Thursday, April 28, 2016

Judges Can And Should Make Law

Another miscarriage of justice has just occurred. I believe this wrong is rooted in attacks on our judicial system by the idea that "judges can't and shouldn't make law."

n March, 2016 an Oklahoma appeals court decided that state law doesn’t criminalize oral sex with a victim who is completely unconscious. The decision was based on statutory law.*

Courts are charged with delivering justice, the Oklahoma court didn't do so, apparently in the belief that "judges can't make law."  

Some folks (mainly conservative) insist judges can’t and shouldn’t “make law.” The reason?  I believe it is because for much of the 20th century, judges made a lot of law protecting individuals, especially consumers, a development quite upsetting to many conservatives.

But the fact is that throughout our history, judges have made law in order to do justice. ** (See, e.g., my blog entries linked below.)

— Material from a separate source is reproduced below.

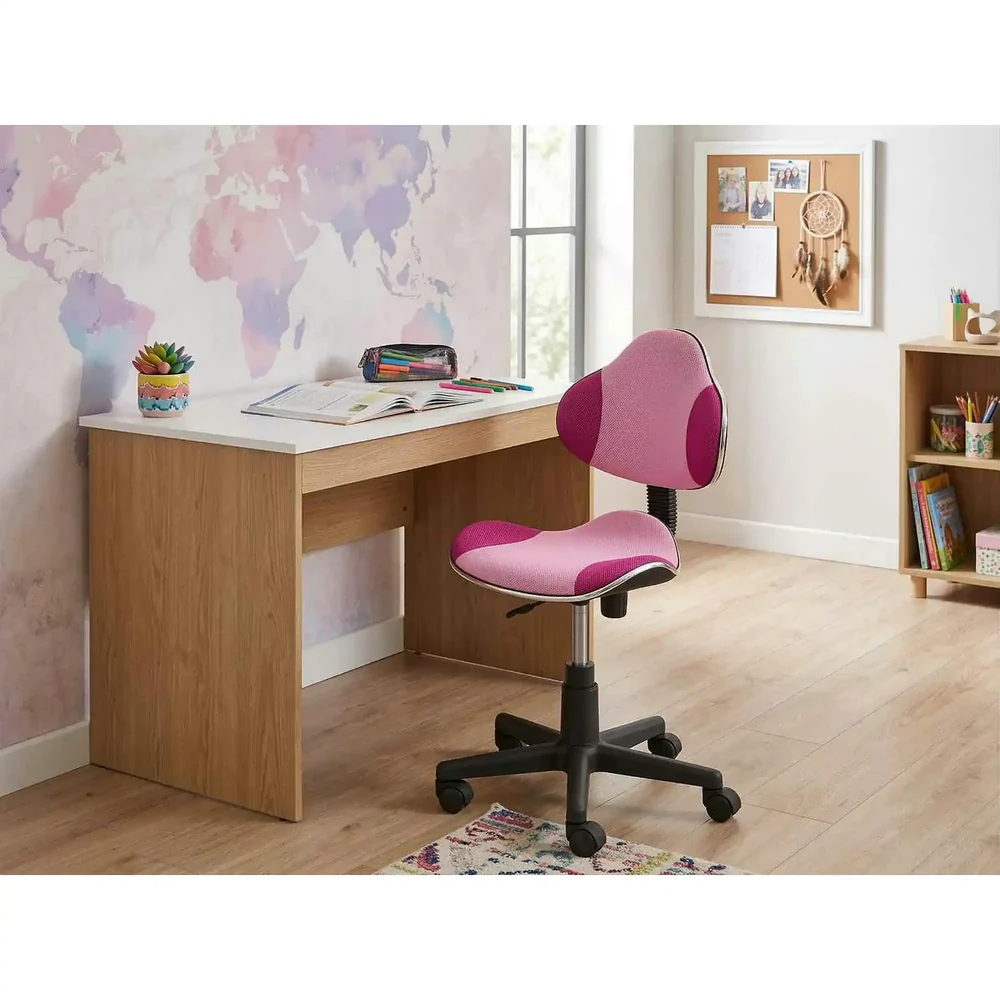 Scaun de birou pentru copii Q-G2 roz/negru – 48x41x80/92 cm [2]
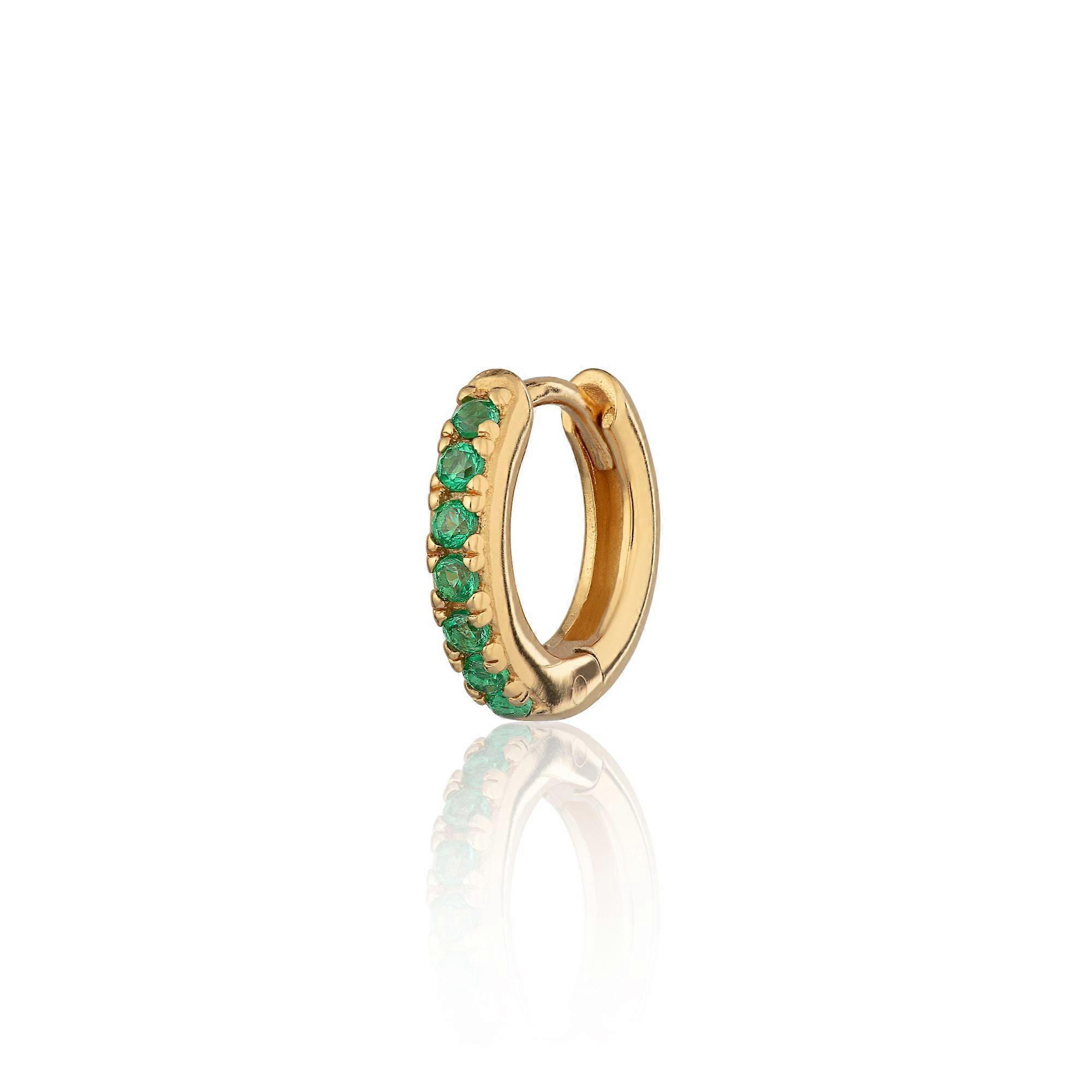 Green Stone 7mm Cartilage Hoop Single Earring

The Oklahoma appeals court decision is an example of how this “judge’s can’t make law" idea has perverted justice in the US 

Per articles about the case, legal experts and victims’ advocates said they view the ruling as showing the gaps that exist between the nation’s patchwork of laws and evolving ideas about rape and consent.
. . . .

“And the appeals court ruling, on 24 March, affirmed that prosecutors could not apply the law to a victim who was incapacitated by alcohol.” ***

"Michelle Anderson, the dean of the CUNY School of Law who has written extensively about rape law, called the ruling “appropriate” but the law “archaic”.
“This is a call for the legislature to change the statute...."  Op cit.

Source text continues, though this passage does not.